Part VII transfers for existing business will take time to be confirmed, but regulators are allowing for more time, provided the process is begun before March 29, according to an AM Best report 

Brexit which way

Political paralysis over Brexit does not extend to insurers in the UK, which are prepared for a range of outcomes, according to AM Best.

Passporting rights to do business between the UK and the European Economic Area (EEA), as well as claims settlement, have been two major legal headaches for UK-domiciled insurers with cross-border business affected by Brexit, according to the rating agency’s report.

AM Best said “the industry is frustrated that the terms of an orderly withdrawal have still not been agreed”, following the House of Commons’ March 12 rejection of Prime Minister Theresa May’s agreement with Brussels, the second such Commons defeat for her deal.

The Prime Minister’s plan for third vote on the same deal has already been vetoed by the Commons’ speaker, and a further vote agreed to extend the Article 50 deadline for withdrawal past the March 29 deadline, which will require unanimous agreement by the 27 EU member states.

Since the referendum in 2016, UK insurers have set up EU subsidiaries or formed fronting relationships with local carriers to continue serving Continental customers, AM Best noted in its report.

Part VII past deadline

Such arrangements for new underwriting do not address the issue that a UK insurer may not be able to serve its existing contracts after losing EEA passporting rights, AM Best noted, as this requires a Part VII transfer, legislated under the UK’s Financial Services and Markets Act (FSMA 2000).
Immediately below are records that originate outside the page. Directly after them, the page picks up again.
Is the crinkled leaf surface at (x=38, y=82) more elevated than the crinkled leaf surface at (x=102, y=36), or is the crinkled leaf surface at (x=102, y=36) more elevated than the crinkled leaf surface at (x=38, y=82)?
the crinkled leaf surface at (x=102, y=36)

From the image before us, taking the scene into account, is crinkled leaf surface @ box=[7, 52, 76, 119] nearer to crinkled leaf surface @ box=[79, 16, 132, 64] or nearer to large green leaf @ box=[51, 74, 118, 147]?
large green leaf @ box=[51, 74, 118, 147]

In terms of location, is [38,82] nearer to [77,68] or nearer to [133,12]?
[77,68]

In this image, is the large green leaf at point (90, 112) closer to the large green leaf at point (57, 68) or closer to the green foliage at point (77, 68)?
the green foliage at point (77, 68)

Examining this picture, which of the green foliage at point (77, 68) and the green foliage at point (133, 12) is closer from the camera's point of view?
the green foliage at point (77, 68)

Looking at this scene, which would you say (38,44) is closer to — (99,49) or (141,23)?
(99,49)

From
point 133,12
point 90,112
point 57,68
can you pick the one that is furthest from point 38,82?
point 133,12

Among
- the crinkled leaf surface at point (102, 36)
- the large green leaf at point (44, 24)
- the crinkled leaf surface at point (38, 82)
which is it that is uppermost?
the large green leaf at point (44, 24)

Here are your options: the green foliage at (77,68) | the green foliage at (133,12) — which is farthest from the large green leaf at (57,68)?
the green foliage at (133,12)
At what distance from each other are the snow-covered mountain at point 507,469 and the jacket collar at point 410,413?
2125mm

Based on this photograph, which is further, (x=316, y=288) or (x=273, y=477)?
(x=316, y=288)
“The Part VII transfer process is expensive and time consuming, with transfers subject to extensive regulatory scrutiny and court approval. Consequently, a number of Part VII transfers will not necessarily be completed before Brexit,” AM Best warned.

Insurers have welcomed assurances from the UK’s HM Treasury, as well as European insurance regulator EIOPA, for the orderly run-off of insurance business in the case of a “no deal” Brexit, AM Best noted.
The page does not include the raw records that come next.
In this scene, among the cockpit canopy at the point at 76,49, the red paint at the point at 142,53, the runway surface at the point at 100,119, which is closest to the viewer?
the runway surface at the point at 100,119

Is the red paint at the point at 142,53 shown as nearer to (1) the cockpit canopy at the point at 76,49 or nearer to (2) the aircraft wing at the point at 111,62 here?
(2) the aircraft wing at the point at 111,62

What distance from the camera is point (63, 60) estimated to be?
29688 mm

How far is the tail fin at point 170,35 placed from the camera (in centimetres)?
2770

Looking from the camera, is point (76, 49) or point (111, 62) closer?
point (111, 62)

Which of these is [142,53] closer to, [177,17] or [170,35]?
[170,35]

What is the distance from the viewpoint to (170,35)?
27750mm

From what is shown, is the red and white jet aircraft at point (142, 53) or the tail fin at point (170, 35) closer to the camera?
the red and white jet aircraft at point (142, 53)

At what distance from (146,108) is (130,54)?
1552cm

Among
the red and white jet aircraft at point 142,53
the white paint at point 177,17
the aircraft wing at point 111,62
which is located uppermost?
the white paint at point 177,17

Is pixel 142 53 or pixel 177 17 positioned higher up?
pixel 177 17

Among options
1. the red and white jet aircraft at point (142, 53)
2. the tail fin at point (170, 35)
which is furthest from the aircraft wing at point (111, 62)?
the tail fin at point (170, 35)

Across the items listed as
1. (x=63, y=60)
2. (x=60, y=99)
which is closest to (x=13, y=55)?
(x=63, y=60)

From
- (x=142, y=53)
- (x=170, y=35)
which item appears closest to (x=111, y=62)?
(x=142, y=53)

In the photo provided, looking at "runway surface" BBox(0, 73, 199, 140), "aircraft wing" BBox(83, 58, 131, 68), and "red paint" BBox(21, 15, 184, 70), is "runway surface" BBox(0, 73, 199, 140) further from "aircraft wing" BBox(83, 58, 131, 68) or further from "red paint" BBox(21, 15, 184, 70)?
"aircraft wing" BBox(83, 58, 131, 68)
HM Treasury published a draft Brexit amendment to the FSMA in December last year.

“The accompanying explanatory note refers to the introduction of a savings provision in relation to insurance business transfer schemes, which will allow up to two years from the EU exit day for parties who have already initiated a transfer of insurance business under the pre-exit process to obtain a court order sanctioning it,” AM Best said.

EIOPA followed suit in February this year with a similar statement advising EU member state regulators to act to allow the smooth transfer of these part VII transfers coming in too late for this month’s deadline with the expiry of Article 50, provided they are submitted before March 29.
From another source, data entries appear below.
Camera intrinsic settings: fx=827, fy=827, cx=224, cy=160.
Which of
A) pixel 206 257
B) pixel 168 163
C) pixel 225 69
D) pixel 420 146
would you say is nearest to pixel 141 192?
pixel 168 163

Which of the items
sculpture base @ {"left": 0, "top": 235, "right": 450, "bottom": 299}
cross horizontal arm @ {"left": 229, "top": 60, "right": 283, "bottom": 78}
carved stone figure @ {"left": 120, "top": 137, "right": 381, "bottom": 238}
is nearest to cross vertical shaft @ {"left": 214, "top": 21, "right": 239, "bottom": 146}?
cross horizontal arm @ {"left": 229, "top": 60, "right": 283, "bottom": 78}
The rating agency rounded off: “In further support of the orderly run-off of existing EU business by UK insurers, AM Best notes the announcements made by a number of European countries, including France and Germany, that new rules will continue monitor closely political developments in the UK and the EU, and the ability of rated insurers to fulfil their contractual commitments, irrespective of the terms on which the UK leaves the EU.”